5) d’ordonner la constitution d’une garantie dans les conditions des articles 517 à 522 du CPC ;

6) d’ordonner toutes autres mesures provisoires et/ou conservatoires (à l’exclusion des mesures réservées à la compétence exclusive du juge de l’exécution), ainsi que toute mesure d’instruction ;

7) de procéder aux jonctions et disjonctions d’instance ; de prononcer l’extinction de l’instance dans les cas prévus par la loi ».

Courage, nous y sommes presque…

 


 

(1) « Le principe de sécurité juridique et les procédures orales », Procédures 2006, Études no 6.

(2) CPC, art. 843 (tribunal d’instance et juridiction de proximité) ; art. 871 (tribunal de commerce) ; C. trav., art. R. 516-6 et R. 516-7 pour le conseil de prud’hommes ; CPC, art. 882 pour le tribunal paritaire des baux ruraux par renvoi à l’article 843 du même code.

(3) Cass. 1re civ., 22 oct. 1974, no XXXX, Bull. civ. 1974, I, no 273.

(4) Notamment D. no 2009-1524, 9 déc. 2009, relatif à la procédure d’appel avec représentation obligatoire en matière civile.
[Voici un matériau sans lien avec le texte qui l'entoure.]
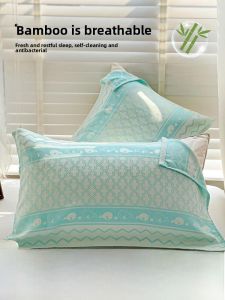 MONLEYTA | Summer Cool Feeling Bamboo Fiber Pillowcases Anti-Head Oil Absorbent Ice Silk Pillow Covers For Adults Single Person Use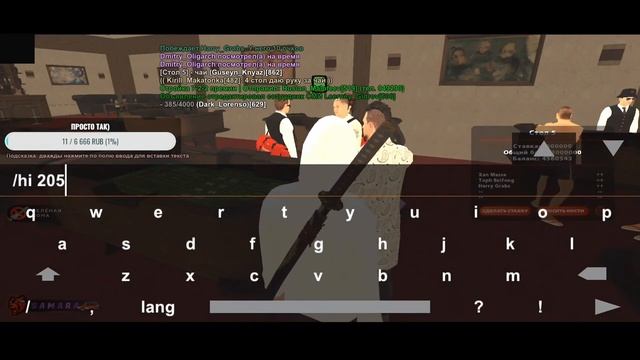 Стрим Black Russia смотреть онлайн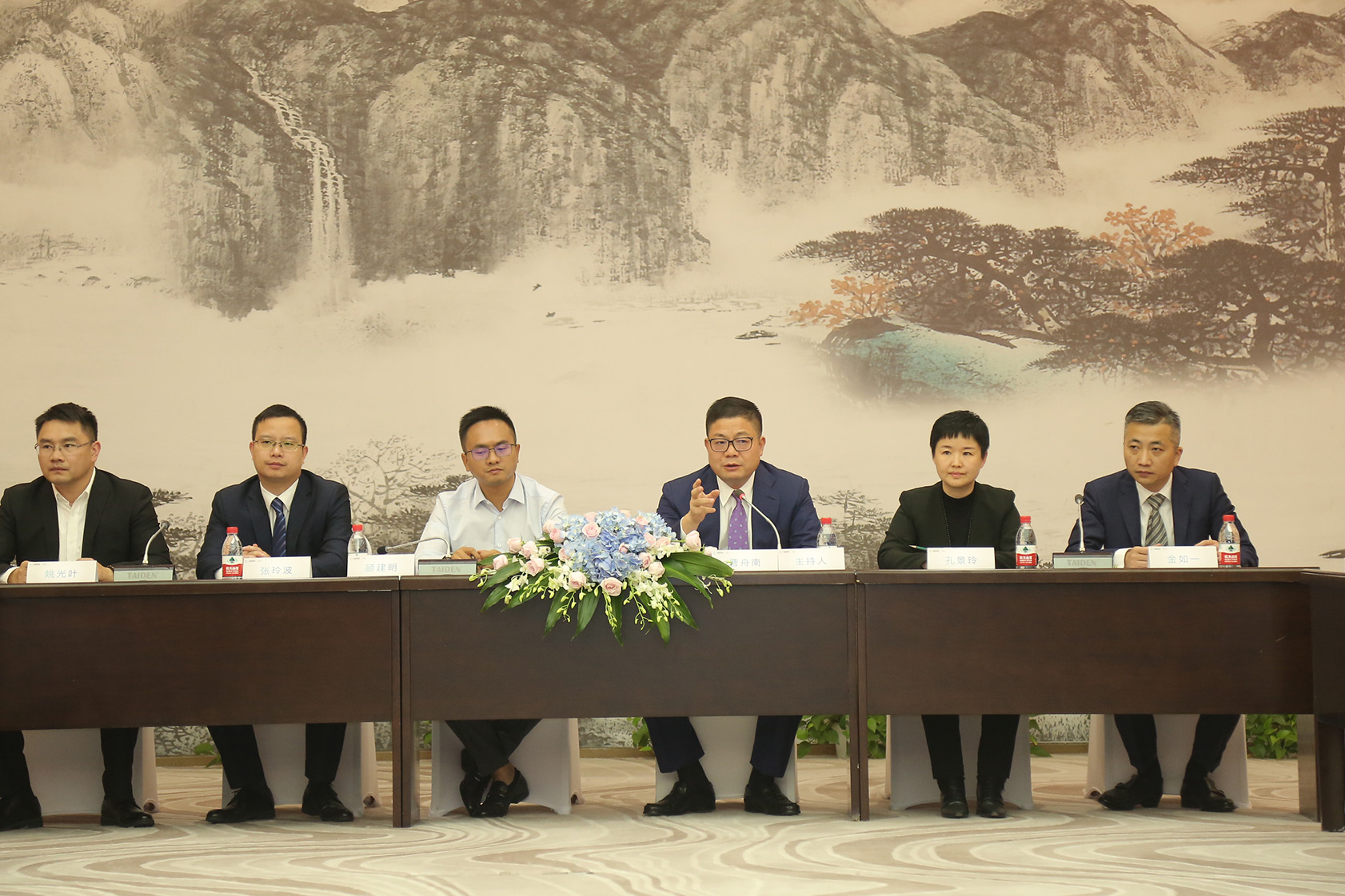 bet9九州(中国区)官方网站-Officials Website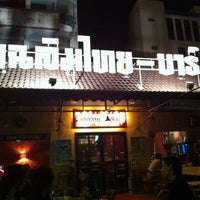Photo taken at เฉลิมไทยบาร์ by Konglover U. on 7/6/2011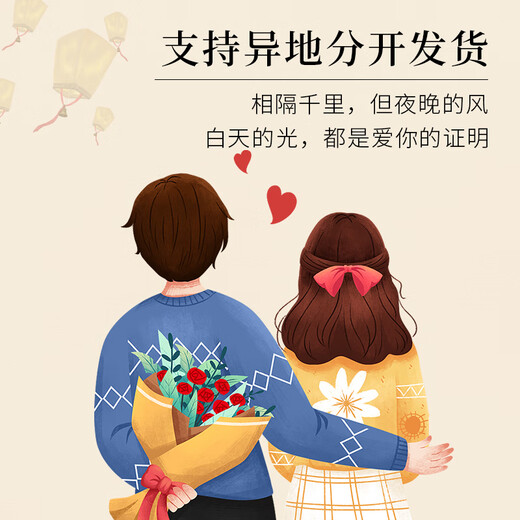 Dirholl PT950 platinum LOVE necklace for women, platinum V-shaped pendant, Chinese Valentine's Day gift for girlfriend and wife, free engraving/ghostwriting greeting card/customized style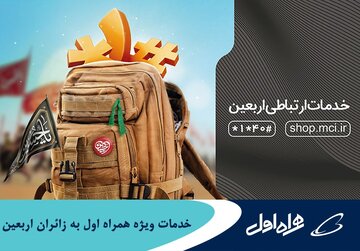 خدمات ویژه همراه اول به زائران اربعین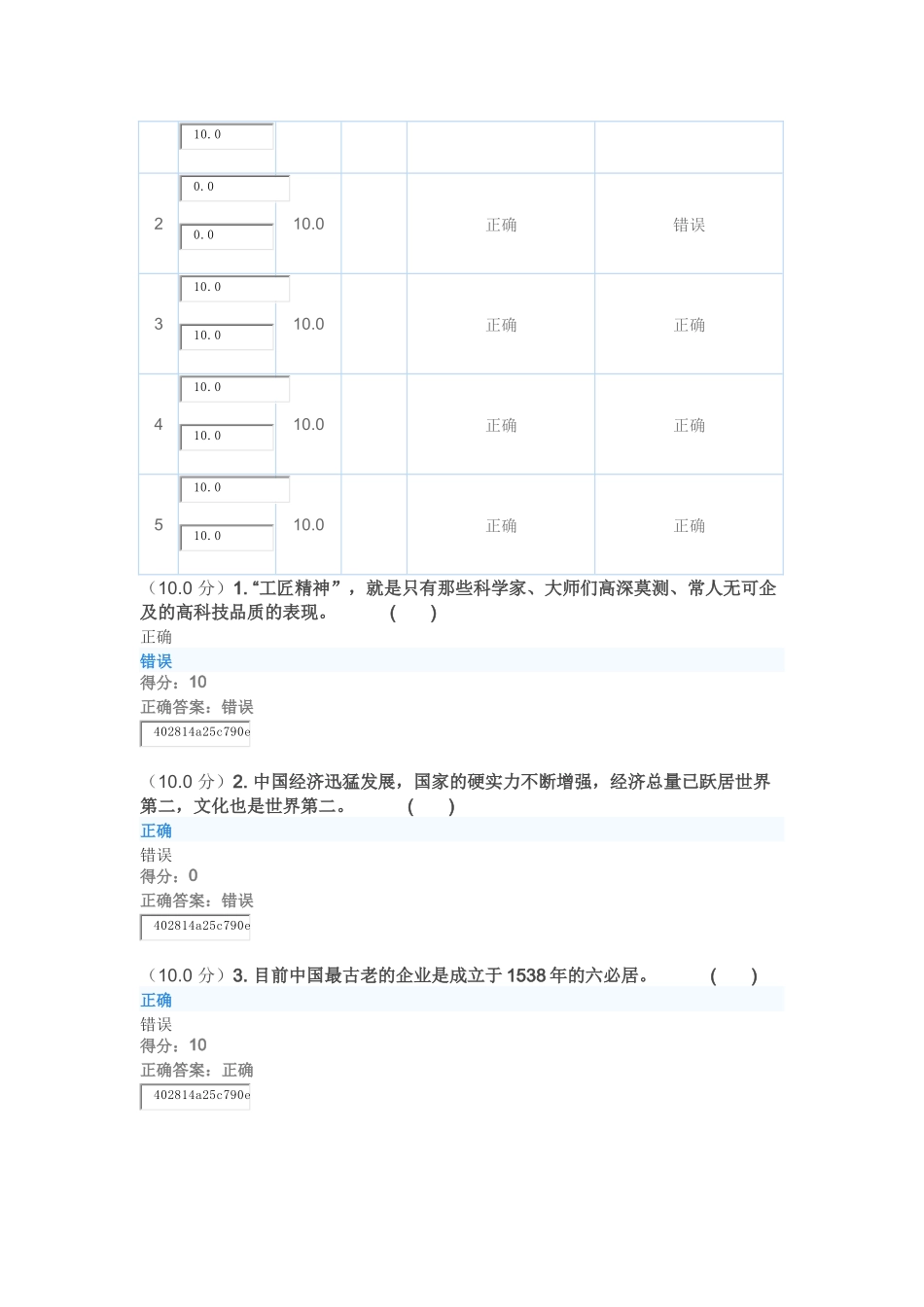 【2017】职业素养与工匠精神-答案_第3页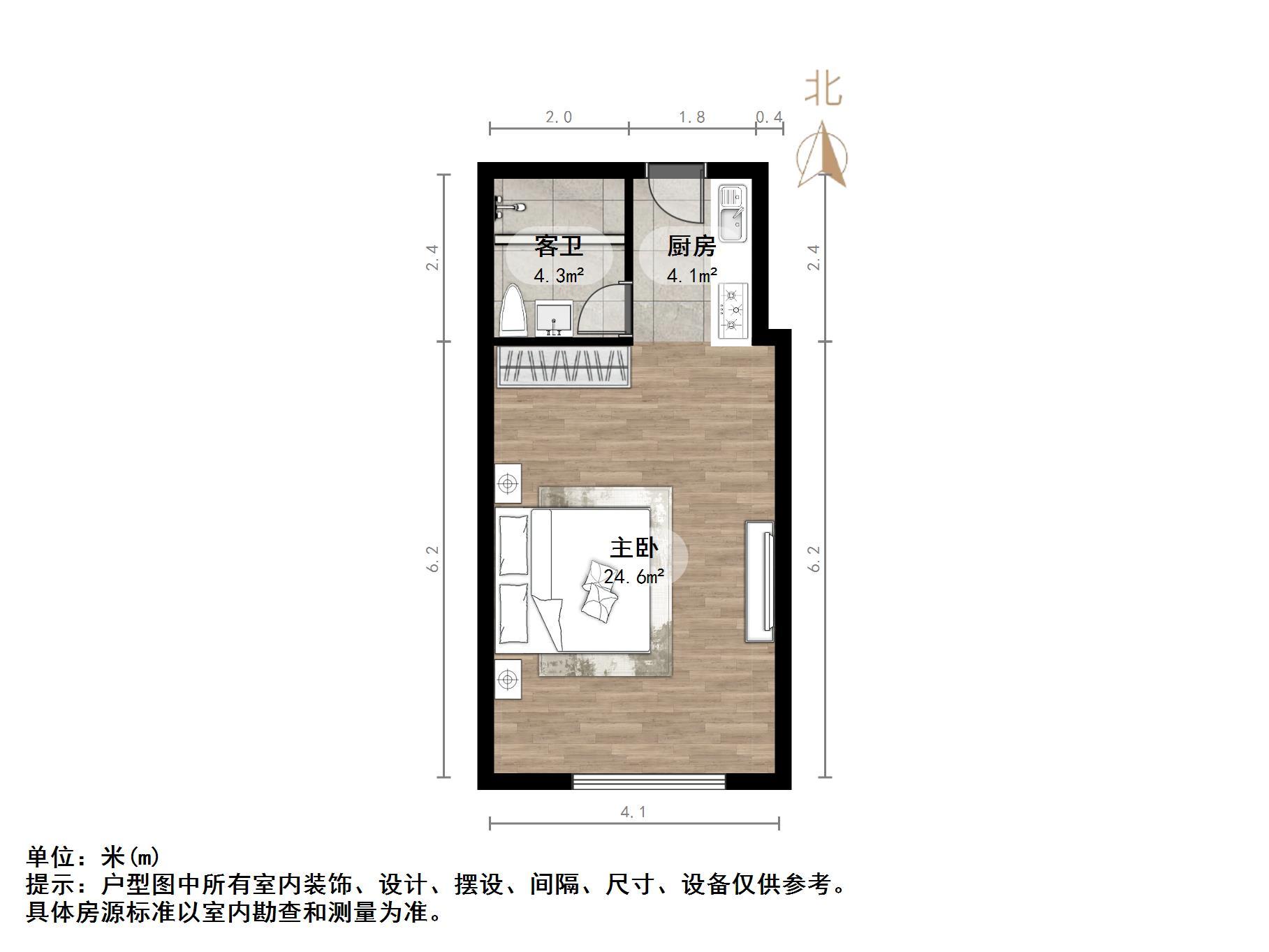 绿地欢乐颂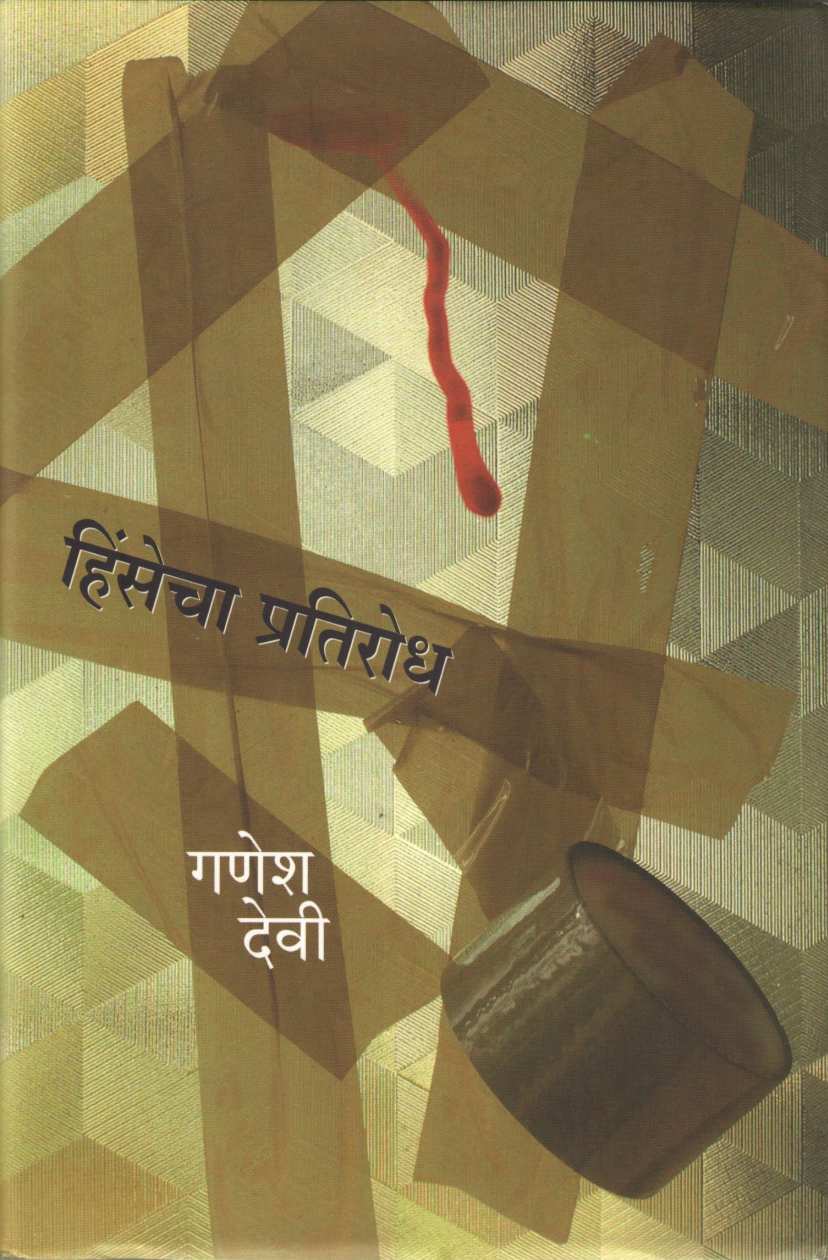 Hinsecha Pratishodh ( हिंसेचा प्रतिशोध ) by Ganesh Devy ( गणेश देवी )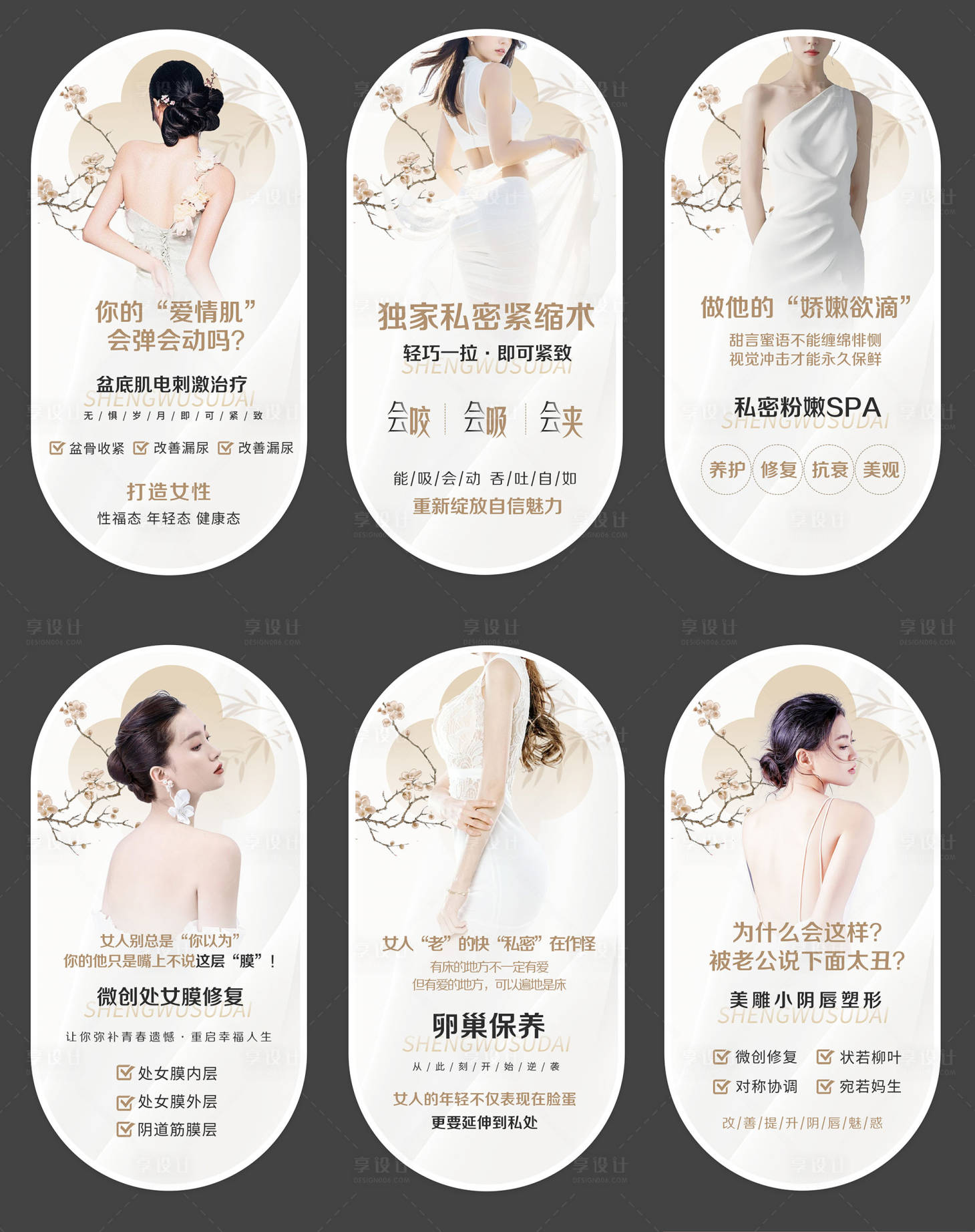 源文件下载【享设计】搜索编号：44740023650107038【私密医美挂画】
(5) Notamment, discours de M. le recteur Guinchard, 18 janv. 2008 ; rapport Commission Magendie 2004, motion ACE, Commission Procédure civile, Congrès national de Toulouse, 5-6 nov. 2009.

(6) Texte en vigueur le 1er déc. 2010, applicable aux procédures en cours, sous certaines réserves tenant notamment à la tentative préalable de conciliation et aux instances en rectification.

(7) Discours de rentrée du Premier président Magendie, 16 janv. 2008.

(8) E. Jullien, « Réflexions sur une réforme annoncée de la postulation de première instance », Gaz. Pal., 28 sept. 2010.

(9) Comment répondre efficacement dans l’intérêt de son client à une communication de 100 pièces sans connaître les moyens adverses qui en sont le soutien ?

(10) Souligné par l’auteur.

(11) Publication du Conseil de la modernisation des politiques publiques, 4 avr. 2008.